• Dataset excerpt
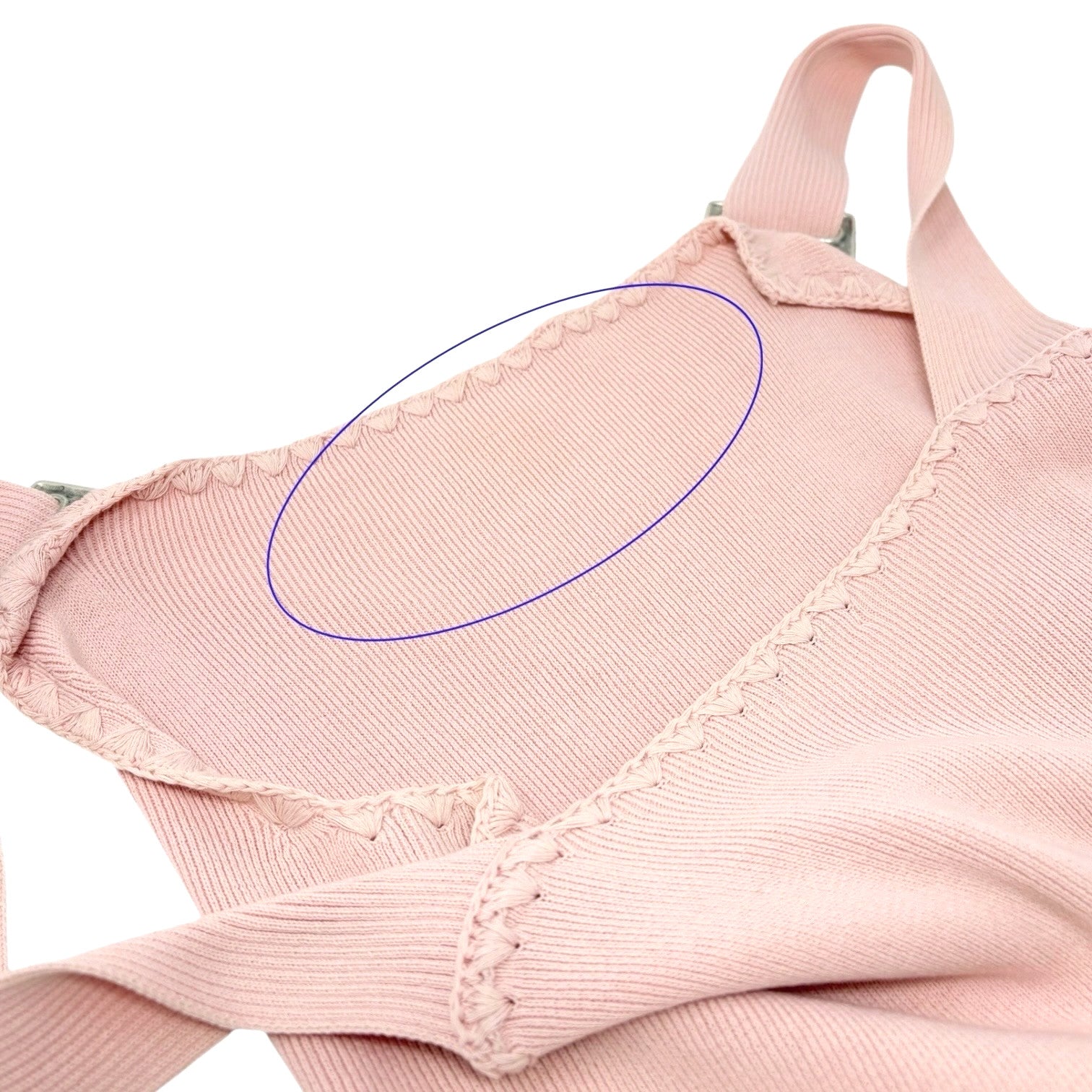 CHANEL Vintage 05C CC Logo Ribbed Knit Tank Top #38 Pink Cotton Camisole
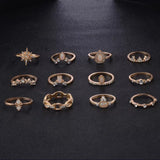 Ring set, Fashion gold ring set, different sizable rings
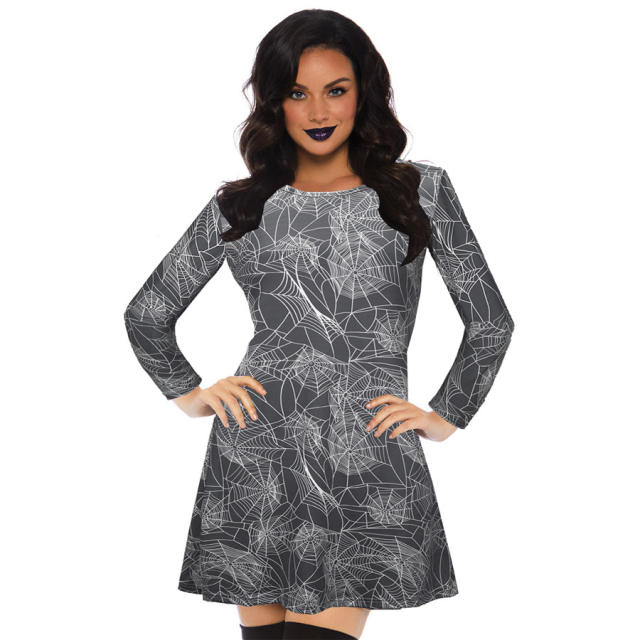 Halloween Mini Dresses For Women Crew Neck Break Clothes PQX013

• Work instructions
Please retype the material above exactly, and omit its images.

• Solved problem
 CHANEL Vintage 05C CC Logo Ribbed Knit Tank Top #38 Pink Cotton Camisole
 Ring set, Fashion gold ring set, different sizable rings
 Halloween Mini Dresses For Women Crew Neck Break Clothes PQX013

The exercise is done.